1. Case Management Software

Legal case or matter management software has three main functions:

  • to organize and manage the individual cases or matters that that clients have hired the firm to perform, including the assignment and performance services by the firm's staff
  • to record the services that the firm performs and expenses that the firm incurs in performing services for clients, including the information required issue bills to clients
  • to organize, manage, consolidate, share, and protect the firm's information resources and work product

Some case management software either performs the firm's accounting or interfaces with firm's accounting software.

Some case management software is marketed to specific segments of the legal marketplace. Segments can be based on the size of the law firm or on the firm's law practice areas (for example, civil litigation, criminal law, real estate, tax law, etc.).

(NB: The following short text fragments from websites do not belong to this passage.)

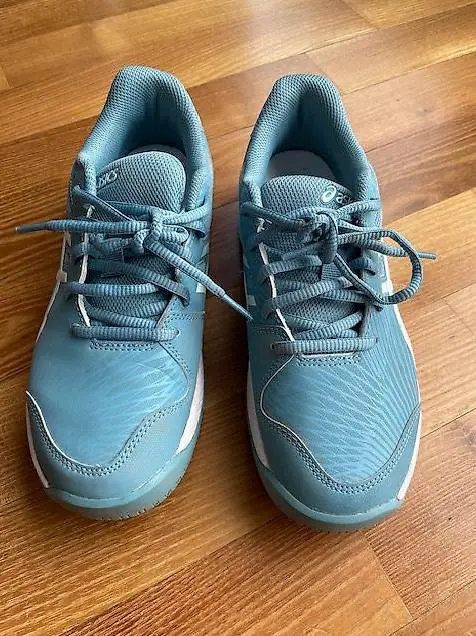 Tennisschuhe von Asics, Grösse 37.5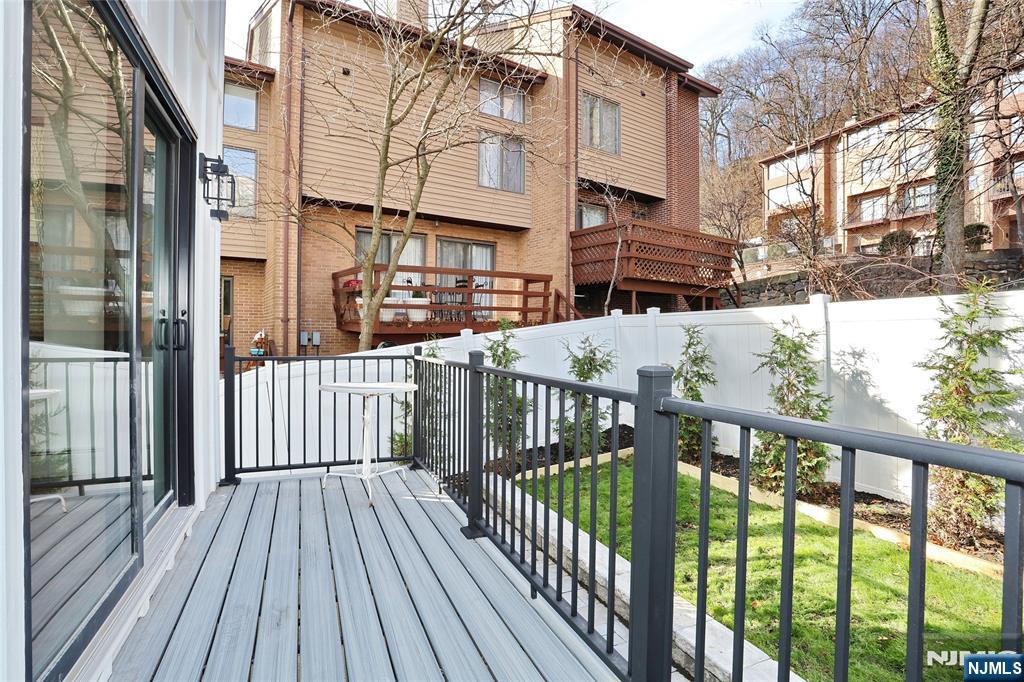 1456 River Road Edgewater, NJ 07020 - Photo 13 of 38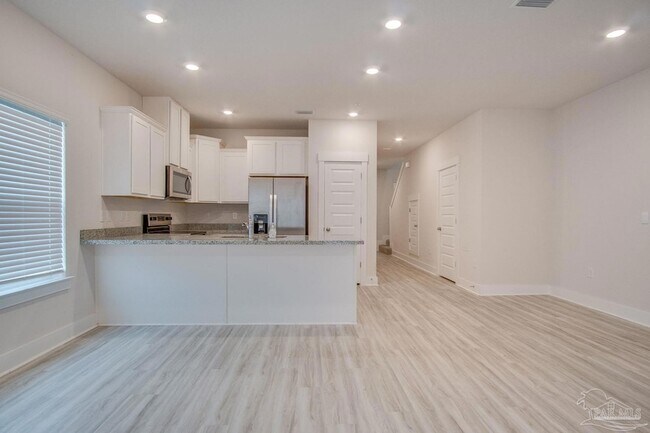 Building Photo - 9400 Nature Crk Ln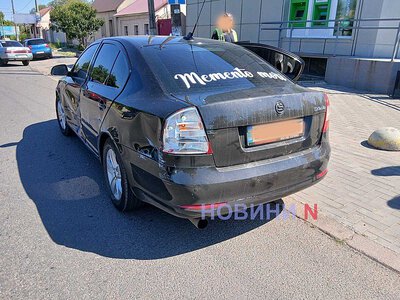 ВАЗ врізався в чорний автомобіль із написом «Memento mori» у Варварівці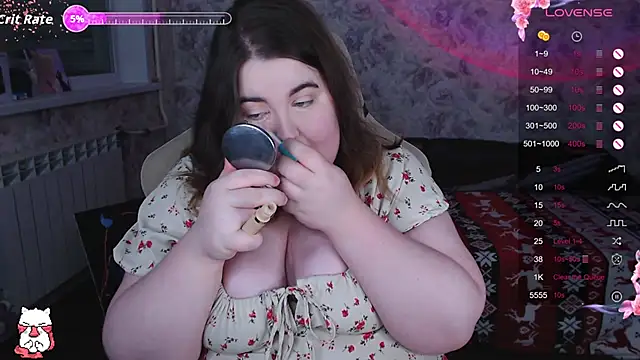 Estelle Hicks online show from December 2025 06:28:01 PM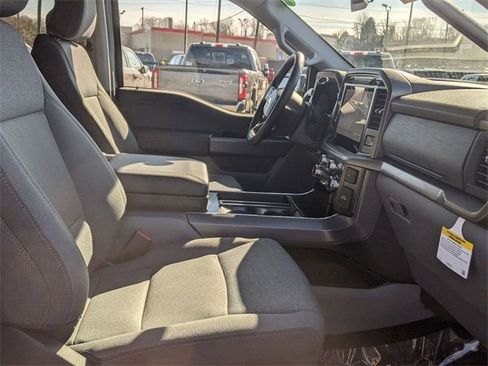 New 2025 Ford F150 XLT w/ Equipment Group 302A MID image 40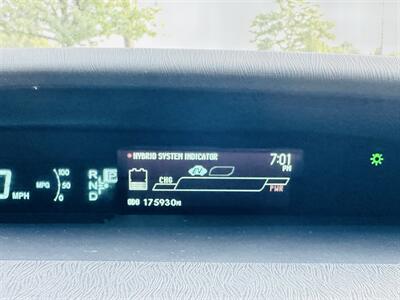 2015 Toyota Prius Two   - Photo 20 - Thomasville, NC 27360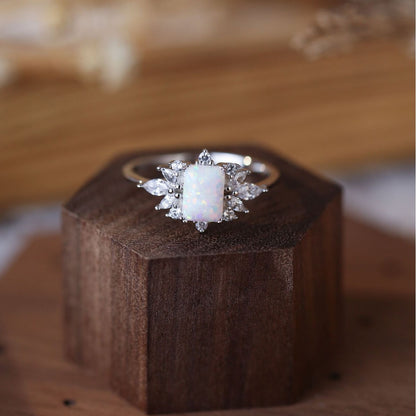 Anello opale quadrato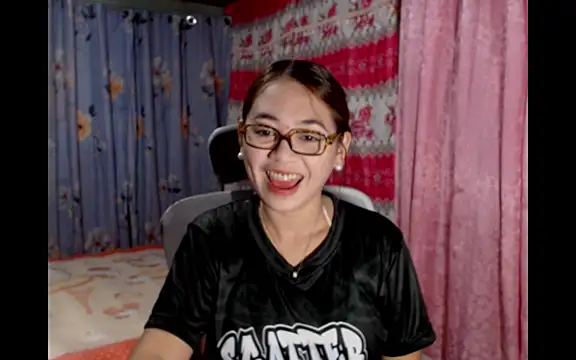 Snapshot of pinay_mayahiga chatting on 07-19-26, 01:19 pinay mayahiga online show from 07-19-26, 01:19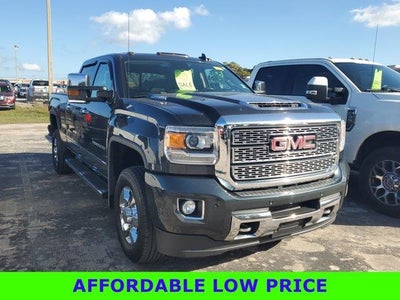 2018 GMC Sierra 3500HD 4X4 Denali 4DR Crew Cab SRW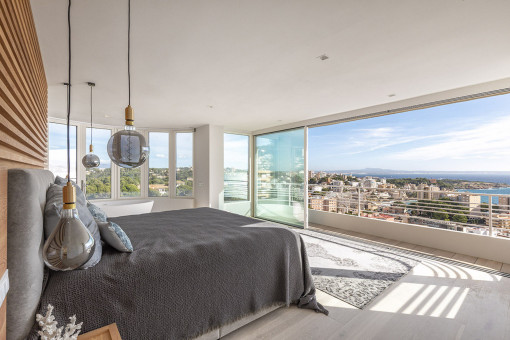 Hauptschlafzimmer mit Badewanne en Suite und Balkon
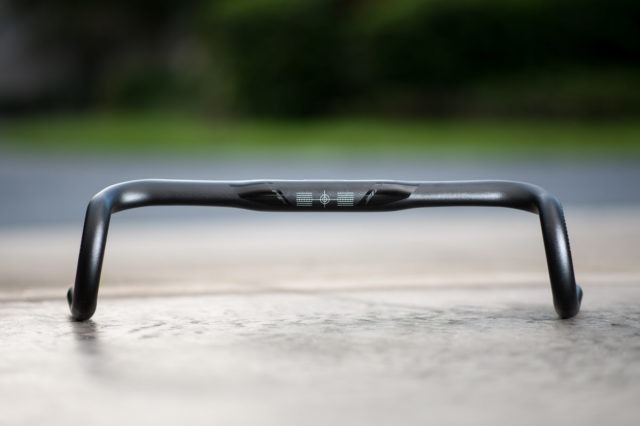 Zipp Service Course SL70 XPLR Handlebar Review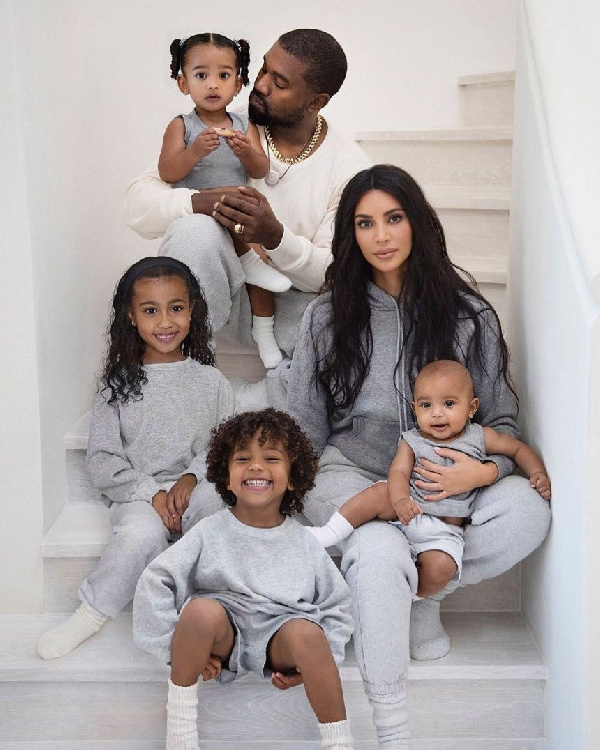 Kim Kardashian afunguka changamoto kulea watoto 4 peke yake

2. In-house Legal Departments

In-house legal teams (in the public and private sectors) have their own needs: generally these require less emphasis on billing and accounts (since clients tend to be internal), and even more on traceability, real-time integration and configurability. The need to improve productivity of the team and reduce costs to taxpayers, or the business, is often a key driver. Some in-house teams have reduced their external legal bills by using case management software to increase their capacity and bring case work in-house.[1]

3. Case Management in the U.S. Federal Courts

As electronic court systems continue to increase their online presence, many now require case filings to be accomplished electronically.[2][3] Many legal software vendors' products include the ability to take advantage of such electronic filing by pulling data from the case management product and pushing it into court filing systems.

4. E-Discovery Systems

Legal-project management meets traditional project management particularly in the area of electronic discovery.[4] E-discovery in particular has a set of regularized, repeatable, and measurable practices and has been subject to great cost-control pressure for the past few years, making it a specialty within law amenable to traditional project management. The practice of legal-project management varies from the schema in Steven Levy's book[5] to law-firm-specific regimens such as Seyfarth Lean[6] to corporate initiatives such as Cisco’s core-and-context[7] approach to legal work.

In litigation, the discovery process often results in enormous amounts of information that must be managed, and with the revision of the U.S. Federal Rules of Civil Procedure in 2006 to include electronic means of discovery[8] came a new subset of case management systems that incorporated those changes, often dubbed 'electronic evidence' or 'e-discovery' management systems.[9][10] Since the new rules took effect, e-Discovery firms as outside service vendors have flourished.

5. Case Management and the Regulation of Mediation in Australia

In Australia, mediation as an alternative dispute resolution (ADR) method is designed to avoid resorting to formal court-based adjudication and is now also being applied to criminal matters. Traditional theories of criminal justice view the matter as one between the offender and the state.[11]

[W]hat was born of resistance and opposition to the formal justice system has been extensively integrated and co-opted into the system."[12]

The term case management is also used to refer to systems in which court or tribunal officials assume closer administrative control over the litigation process than is traditionally associated with common law litigation.[13]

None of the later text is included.